Knock-Down of HDAC2 in Human Induced Pluripotent Stem Cell Derived Neurons Improves Neuronal Mitochondrial Dynamics, Neuronal Maturation and Reduces Amyloid Beta Peptides

Int. J. Mol. Sci. 2021, 22(5), 2526; https://doi.org/10.3390/ijms22052526
by Harald Frankowski 1,2,†, Fred Yeboah 1,2,3,†, Bonnie J. Berry 1,2,†, Chizuru Kinoshita 1,2, Michelle Lee 1,2, Kira Evitts 1,2, Joshua Davis 1,2, Yoshito Kinoshita 1,2, Richard S. Morrison 4 and Jessica E. Young 1,2,*
Reviewer 1: Anonymous
Reviewer 2: Anonymous
Int. J. Mol. Sci. 2021, 22(5), 2526; https://doi.org/10.3390/ijms22052526
Submission received: 15 January 2021 / Revised: 28 February 2021 / Accepted: 28 February 2021 / Published: 3 March 2021
(This article belongs to the Special Issue Epigenetic Regulation in Neurodegeneration Disease)

Round 1

Reviewer 1 Report

Journal: International Journal of Molecular Sciences

Manuscript ID: ijms-1095262

Type of manuscript: Article

Title: Histone Deacetylase 2 (HDAC2) influences maturation and mitochondrial

dynamics in human induced pluripotent stem cell derived neurons.

Authors: Harald Frankowski, Fred Yeboah, Bonnie Berry, Chizuru Kinoshita,

Michelle Lee, Kira Evitts, Joshua Davis, Yoshito Kinoshita, Richard Morrison,

Jessica Young * Submitted to section: Molecular Neurobiology,

 

In this research, the authors extended their previous observations in mouse neuron cells to study the impact of HDAC2 on the maturation of human induced pluripotent stem cell-derived neurons. They observed that alteration in the HDAC2 level led to changes in mitochondria morphology. Overall, the research confirmed previous statement of the role of HDAC2 in neuronal maturation. However, the study is limited by lack of mechanistic studies, i.e., the lack of the subset of genes directly influenced by HDAC2 enzymatic activity. Moreover, the following suggestions are expected to improve the quality of the manuscript.

 

Major points:

Figure 1, have the authors checked the expression levels of the other HDACs such as HDAC1? Alternately, are there published results demonstrating HDAC2 play a dominant role in neuronal maturation?

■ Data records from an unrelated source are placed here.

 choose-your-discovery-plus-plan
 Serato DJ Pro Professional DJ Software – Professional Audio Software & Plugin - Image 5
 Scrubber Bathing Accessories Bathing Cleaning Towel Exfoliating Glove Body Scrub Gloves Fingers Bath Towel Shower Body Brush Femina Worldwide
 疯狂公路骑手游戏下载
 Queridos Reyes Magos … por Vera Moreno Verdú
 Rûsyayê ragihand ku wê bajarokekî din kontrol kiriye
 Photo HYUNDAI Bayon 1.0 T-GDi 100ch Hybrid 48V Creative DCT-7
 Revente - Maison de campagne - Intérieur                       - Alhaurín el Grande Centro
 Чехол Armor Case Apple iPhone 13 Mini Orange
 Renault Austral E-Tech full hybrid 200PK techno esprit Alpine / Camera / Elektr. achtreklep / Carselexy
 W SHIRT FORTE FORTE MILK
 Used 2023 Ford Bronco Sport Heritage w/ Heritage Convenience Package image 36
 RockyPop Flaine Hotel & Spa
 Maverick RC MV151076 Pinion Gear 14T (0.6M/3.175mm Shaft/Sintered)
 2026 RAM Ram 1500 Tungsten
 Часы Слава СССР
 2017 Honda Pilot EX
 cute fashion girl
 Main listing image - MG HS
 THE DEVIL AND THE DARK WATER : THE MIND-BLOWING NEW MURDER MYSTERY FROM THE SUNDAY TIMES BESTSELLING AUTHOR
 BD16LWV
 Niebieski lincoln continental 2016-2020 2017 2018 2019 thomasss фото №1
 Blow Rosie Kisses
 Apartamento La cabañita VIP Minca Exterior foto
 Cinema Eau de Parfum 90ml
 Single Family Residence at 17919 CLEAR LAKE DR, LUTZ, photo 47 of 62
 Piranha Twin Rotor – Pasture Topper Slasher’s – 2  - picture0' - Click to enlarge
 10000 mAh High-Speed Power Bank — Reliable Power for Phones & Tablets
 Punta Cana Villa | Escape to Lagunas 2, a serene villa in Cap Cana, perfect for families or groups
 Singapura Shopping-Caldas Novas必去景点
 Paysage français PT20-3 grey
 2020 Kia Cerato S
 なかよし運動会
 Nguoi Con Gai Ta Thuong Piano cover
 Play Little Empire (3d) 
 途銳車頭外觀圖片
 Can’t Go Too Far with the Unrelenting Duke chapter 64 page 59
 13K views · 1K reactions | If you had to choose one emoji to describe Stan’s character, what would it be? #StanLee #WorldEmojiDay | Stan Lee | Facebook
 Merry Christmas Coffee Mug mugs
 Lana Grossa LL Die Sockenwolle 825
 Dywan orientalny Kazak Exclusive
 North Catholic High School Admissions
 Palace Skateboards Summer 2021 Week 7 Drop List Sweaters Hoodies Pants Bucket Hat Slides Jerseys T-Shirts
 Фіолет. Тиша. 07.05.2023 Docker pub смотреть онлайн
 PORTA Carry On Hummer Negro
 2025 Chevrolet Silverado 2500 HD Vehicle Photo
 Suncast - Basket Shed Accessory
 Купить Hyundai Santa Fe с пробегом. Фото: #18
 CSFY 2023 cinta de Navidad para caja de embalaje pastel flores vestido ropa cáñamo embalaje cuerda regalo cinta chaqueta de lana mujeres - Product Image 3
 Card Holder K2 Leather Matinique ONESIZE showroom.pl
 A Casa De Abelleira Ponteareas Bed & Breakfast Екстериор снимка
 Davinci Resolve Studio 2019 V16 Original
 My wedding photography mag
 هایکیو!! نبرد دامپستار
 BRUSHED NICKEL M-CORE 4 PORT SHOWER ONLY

Figures 2 and 3, Considering that HDAC2 is a histone deacetylase, it is suggested that the authors should check the status of the related region in the chromosome and transcriptional activity of the corresponding genes. These two figures only show that the steady state of the gene expression levels. Note that changes in steady state levels does not mean that HDAC2 modulated the transcription of these genes via histone modifications. The steady state level could be influenced by many factors.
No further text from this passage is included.